L’équipe de défense était parfaitement unie et s’avéra particulièrement productive.

J’y côtoyais Nicole Dreyfus, le bâtonnier de Lyon, Ugo Ianucci, le bâtonnier de Paris, Bernard Bigault du Granrut, Frédéric Weyl, Emmanuel Brochier et quelques autres confrères de qualité.

Le procès en première instance se tint à Saint-Etienne. Nous aurions mieux fait d’obtenir sa délocalisation mais aucun argument en faveur d’une telle dérogation aux règles n’existait.

En tous cas, dans cet environnement totalement lié à l’histoire de Manufrance, notre équipe de défense, fut extrêmement mal accueillie, sans doute aussi parce qu’elle était majoritairement constituée d’avocats parisiens.

Ainsi et alors que nous demandions un simple aménagement d’audience à l’ouverture du procès, le substitut représentant le Procureur de la République nous fit savoir aux termes d’une déclaration musclée, digne d’un mauvais western,  que ce n’étaient pas les avocats parisiens qui allaient faire la loi à Saint-Etienne !

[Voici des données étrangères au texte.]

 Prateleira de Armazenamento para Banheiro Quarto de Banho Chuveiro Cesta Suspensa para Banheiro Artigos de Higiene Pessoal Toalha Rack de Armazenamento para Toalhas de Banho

Le résultat fut à l’avenant . Le 9 juillet 1992, le Tribunal de Grande Instance de Saint-Étienne prononça de très lourdes condamnations pénales et civiles contre dix-sept des prévenus, dont mon client.

Tous firent appel devant la cour de Lyon.

L’audience devant la cour de Lyon fut mémorable. En signe de soutien à leurs camarades condamnés, les syndicats envoyèrent des militants de toute la France, des trains spéciaux furent affrétés à cet effet, et un cortège de 70.000 manifestants s’ébranla en colonnes de la gare vers la cour d’appel en passant par la place Bellecour.

On aurait pu craindre dans ce contexte quelques débordements , mais ce ne fut pas le cas, l’audience se passa sagement, les syndicats restant dehors, sur les quais,  pendant les deux jours du procès.

Devant la cour de Lyon, nous pûmes enfin faire notre travail dans des conditions normales, sans être confrontés comme à Saint-Etienne à un environnement et des préjugés hostiles.

Au terme de longs débats, apaisés par un avocat général qui avait quant à lui su prendre du recul avec l’histoire, les juges d’appel finirent par relaxer le 2 juin 1993 la totalité des prévenus, marquant ainsi la fin de l’affaire Manufrance.

Ce fut une victoire qui suscita en nous une extrême joie.

Je conserve de ce dossier un souvenir très fort à raison des liens de solidarité et d’amitié qui unirent tout le temps que dura le procès toute l’équipe de défense, alors même que les uns défendaient des dirigeants cadres, d’autres des syndicalistes, d’autres enfin des commissaires aux comptes.

Mais c’est la magie de la défense que de savoir souvent en pareille circonstance se souder pour faire de ces causes éparses et parfois contradictoires une seule et même cause, un seul et même corps, une voix commune.